START Provided records

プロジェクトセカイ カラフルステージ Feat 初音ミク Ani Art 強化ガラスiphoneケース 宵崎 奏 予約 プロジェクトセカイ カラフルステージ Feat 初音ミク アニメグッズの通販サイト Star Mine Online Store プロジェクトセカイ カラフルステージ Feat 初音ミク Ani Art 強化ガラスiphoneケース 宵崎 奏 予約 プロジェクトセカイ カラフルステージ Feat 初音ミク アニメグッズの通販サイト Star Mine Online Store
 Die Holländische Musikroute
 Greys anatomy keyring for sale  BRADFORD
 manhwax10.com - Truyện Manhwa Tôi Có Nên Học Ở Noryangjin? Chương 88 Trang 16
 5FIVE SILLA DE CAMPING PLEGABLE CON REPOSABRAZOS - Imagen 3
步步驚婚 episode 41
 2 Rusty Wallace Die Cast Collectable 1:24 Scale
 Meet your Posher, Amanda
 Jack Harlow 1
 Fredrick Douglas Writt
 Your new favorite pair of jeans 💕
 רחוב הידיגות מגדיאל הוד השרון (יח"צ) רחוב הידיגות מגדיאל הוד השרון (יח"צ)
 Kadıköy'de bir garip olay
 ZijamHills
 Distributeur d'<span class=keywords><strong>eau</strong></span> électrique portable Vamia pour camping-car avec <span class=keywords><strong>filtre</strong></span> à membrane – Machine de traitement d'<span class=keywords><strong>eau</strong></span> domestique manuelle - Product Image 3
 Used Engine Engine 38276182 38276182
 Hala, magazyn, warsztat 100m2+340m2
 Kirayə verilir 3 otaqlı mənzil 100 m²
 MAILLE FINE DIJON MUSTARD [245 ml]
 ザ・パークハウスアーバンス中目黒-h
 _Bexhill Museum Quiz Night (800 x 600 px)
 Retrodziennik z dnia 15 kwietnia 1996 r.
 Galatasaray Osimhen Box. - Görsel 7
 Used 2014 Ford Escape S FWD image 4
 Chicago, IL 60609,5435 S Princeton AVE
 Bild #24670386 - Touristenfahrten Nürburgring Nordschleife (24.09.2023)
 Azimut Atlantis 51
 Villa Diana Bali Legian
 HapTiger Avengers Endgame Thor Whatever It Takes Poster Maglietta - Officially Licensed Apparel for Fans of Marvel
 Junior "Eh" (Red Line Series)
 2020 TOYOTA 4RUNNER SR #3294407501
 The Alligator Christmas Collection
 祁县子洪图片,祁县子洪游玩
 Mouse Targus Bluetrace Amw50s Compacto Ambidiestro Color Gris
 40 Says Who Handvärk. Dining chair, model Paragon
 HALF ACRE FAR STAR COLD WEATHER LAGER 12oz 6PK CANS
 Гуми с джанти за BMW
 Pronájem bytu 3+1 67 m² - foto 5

END Provided records

> _Activity_
Scan the entries above, and wherever a line holds the string "Used", copy it.

> _Written answer_
 Used Engine Engine 38276182 38276182
 Used 2014 Ford Escape S FWD image 4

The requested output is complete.